Nükleer savaşın üzerinden tam 100 yıl geçmiş. Bu süre zarfında dünyadaki radyasyonun artık temizlenmiş olabileceği ve yeniden insan yaşamının dünyada devam edebileceğine olan bir umut var. İşte uzay istasyonunda doğup büyümüş olan 100 genç, uzay istasyonunun yönetimi tarafından dünyaya gönderiliyor. Fakat bu gençler, uzay istasyonunda sorun çıkaran, suç işlemiş olan, kurallara baş kaldıran kimseler. Yani zaten gözden çıkarılmış olan ve bundan sonraki ufacık bir hatalarında affedilmeyecek olan gençler, yönetim tarafından dünyayı keşfe yollanıyor. Onların bu gönderilişi aslında bir bakıma zorunlu gönüllülük. Yönetim onların uzay istasyonunda kalmaları halinde tekrar sorun çıkaracağından emin. Böyle bir şey yaşanması halinde idam edilmeleri kaçınılmaz olacak. Dünyaya gönderilmek, onlar için belki bir kurtuluş çaresi olabilir diye düşünülmekte.

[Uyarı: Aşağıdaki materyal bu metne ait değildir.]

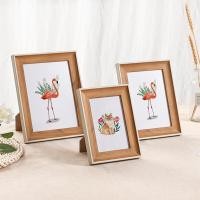 ราคา กรอบรูปขนาด 4x6 5x7 6x8 8x10 10x12 A4 ไม้3สี ขอบเหลือง กรอบสีขาว ขอบน้ำตา ทรงเหลี่ยม มีหูแขวนผนัง มีขาตั้งโต๊ะ ขนาด 10 12 ไม่มีขาตั้ง B15 (11766258208)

Bu gençler dünyaya indikten sonra asıl olaylar başlıyor. Dünya radyasyondan temizlenmiş mi acaba? Ya da onları bekleyen başka birileri var mıdır dünyada dersiniz? İşte bu soruların cevaplarını öğrenmek için sizi bu diziyi izlemeye davet ediyorum. Hundred uzun soluklu bir dizi. 5 sezonu tamamladı. Şu anda 6. sezonu bekliyoruz. Yeni sezon büyük bir ihtimalle Nisan ayında başlar diye umut ediyoruz.
BONUS
Dert Anası sizler için her dizi içeriği yayınladığında, devam eden dizilerin dışında bir de bitmiş bir diziyi tavsiye edecek. Bunu daha önceki dizi içeriğimizde yapmış, sizlere Fringe'i önermiştik. Hani olur da "Ben bekleyemem öyle her hafta dizi yayınlansın, yeni sezonu başlasın da izleyelim durumlarını sevmiyorum" diyenler, şimdi tavsiye edeceğim 7 sezonluk bu mükemmel diziyi izleyebilir. Dizi final yapalı çok uzun bir zaman oldu ama hala izleyenleri çok fazla.

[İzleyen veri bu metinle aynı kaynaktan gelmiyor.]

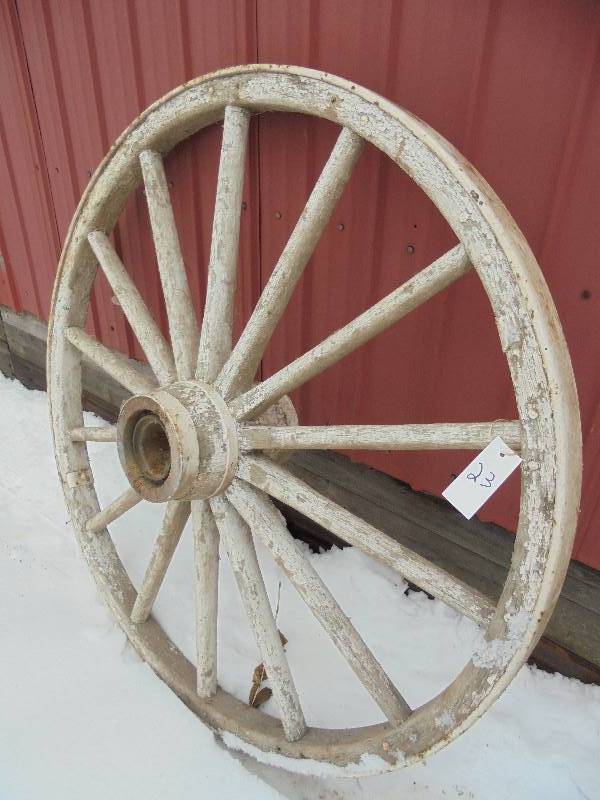 lot 23 image: Wood Wagon Wheel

Efendim dizimizin adı The Mentalist. Bu dizinin baş karakteri olan Patrick Jane inanılmaz zeki, akıllı bir kahraman. İnsanların dış görünümlerindeki ufak detaylardan, onların yüz ifadeleri ve mimiklerinden, kullandıkları sözcüklerden yola çıkan Patrick Jane, bu kimselere dair önemli bilgiler ortaya çıkarıyor. Hatta bu yeteneğinden ötürü herkes onu medyum zannediyor. Yaşamının bir döneminde de kendisini medyum olarak tanıtmış, televizyon programlarına çıkarak, insanların duymak istediklerini onlara söyleyerek ünlenmiş. Ve tabii bu işlerden de çok iyi maddi kazançlar elde etmiş. Fakat bir gün çıktığı televizyon programında ünlü seri katil Red John hakkında ileri geri konuşup, onun hakkında da çıkarımlarda bulununca, bu söyledikleri Red John'un hiç hoşuna gitmemiş. Patrick o gün evine döndüğünde eşinin ve henüz dört yaşına olan kızının Red John tarafından öldürüldüğünü görmüş.

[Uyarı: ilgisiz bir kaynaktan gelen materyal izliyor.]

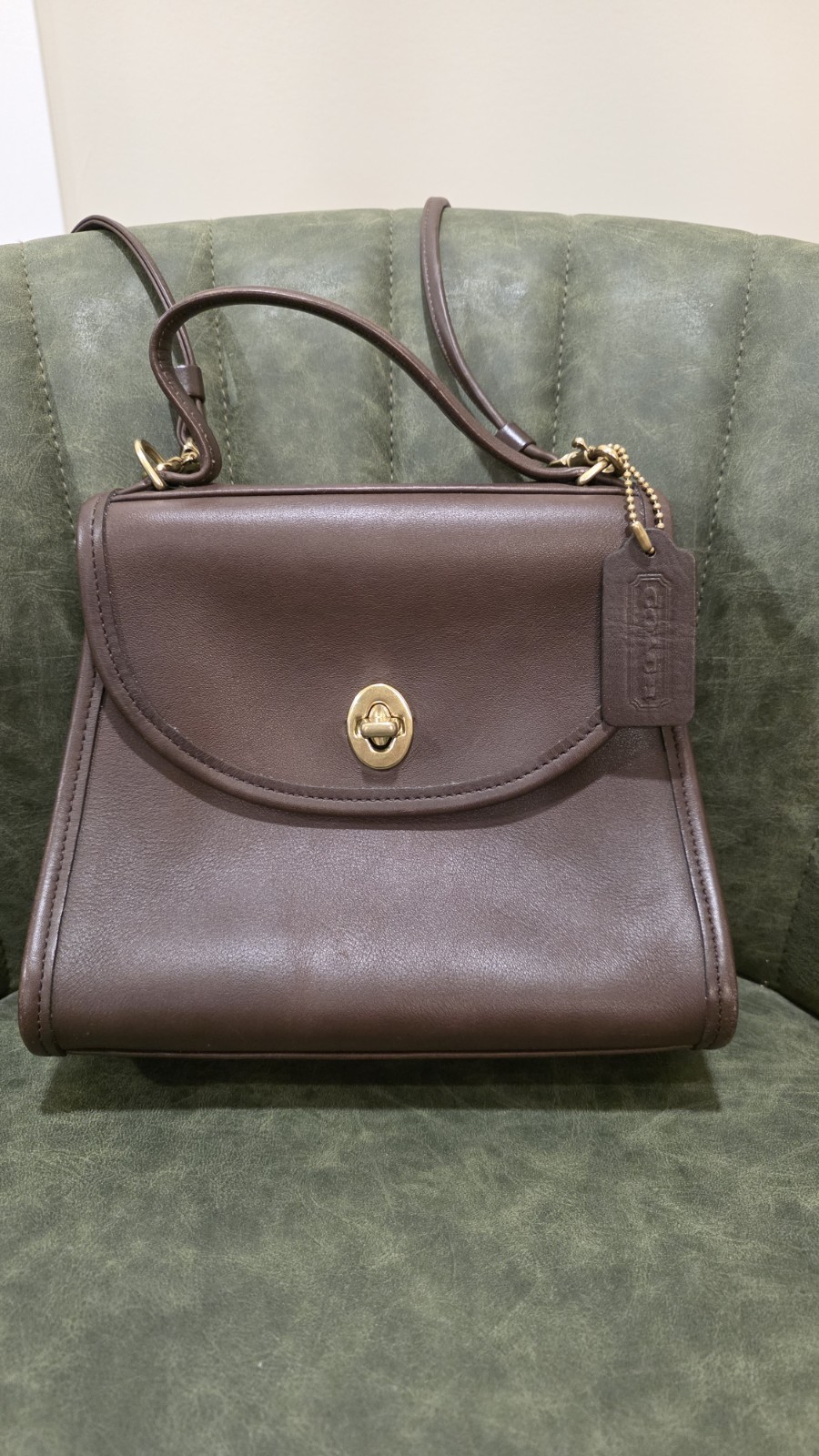 vintage 1995 Coach Regina bag British Tan with strap & hang tag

Bir süre dengesi bozulan Jane, psikiyatri hastanesinde tedavi görmüş. Sonrasında ise, bu seri katilin peşine düşmek, onu yakalayıp elleriyle öldürebilmek için CBI polis merkezinde göreve başlamış. Olayın bu kısımları dizide flash back'lerle aktarılıyor. Patrick Jane CBI'da bir yandan Red John'un izini sürerken bir yandan da yeteneklerini polisin hizmetine sunarak danışmanlık yapmaktadır. Hatta kendisinin sayesinde çözülmeyen davanın olmaması, tüm polis merkezinin Jane'i takdir etmesini sağlamaktadır. Fakat yetenekli olduğu kadar kuralları da hiçe sayan Jane, suçluları kendi yöntemleriyle yakalamayı sevmekte, bu yüzden de zaman zaman başı amirleriyle derde girmektedir. Ama o amirlerden biri var ki, Ajan Teresa Lisbon. Onunla da hafiften bir duygusallık var aralarında. 😊
Yeri gelmişken hemen söyleyeyim, Patrick Jane karakteri yer yer Sherlock Holmes'den izler taşıyor. Hatta dizide bazı cinayetler, Sherlock Holmes hikayelerinin günümüze uyarlanıp, kurgulanmış hali. Ama kesinlikle çakma bir Sherlock olarak düşünmeyin onu. İrlandalı olmasıyla, çay tutkusuyla, olur olmaz yerlerde sorgu odasına dalıp, şüphelilere sorduğu tuhaf sorularıyla bu karakteri çok seveceksiniz. Ben bu diziyi tam iki kez izledim. Fırsat bulursam tekrar izlemeye de hayır demem tabii.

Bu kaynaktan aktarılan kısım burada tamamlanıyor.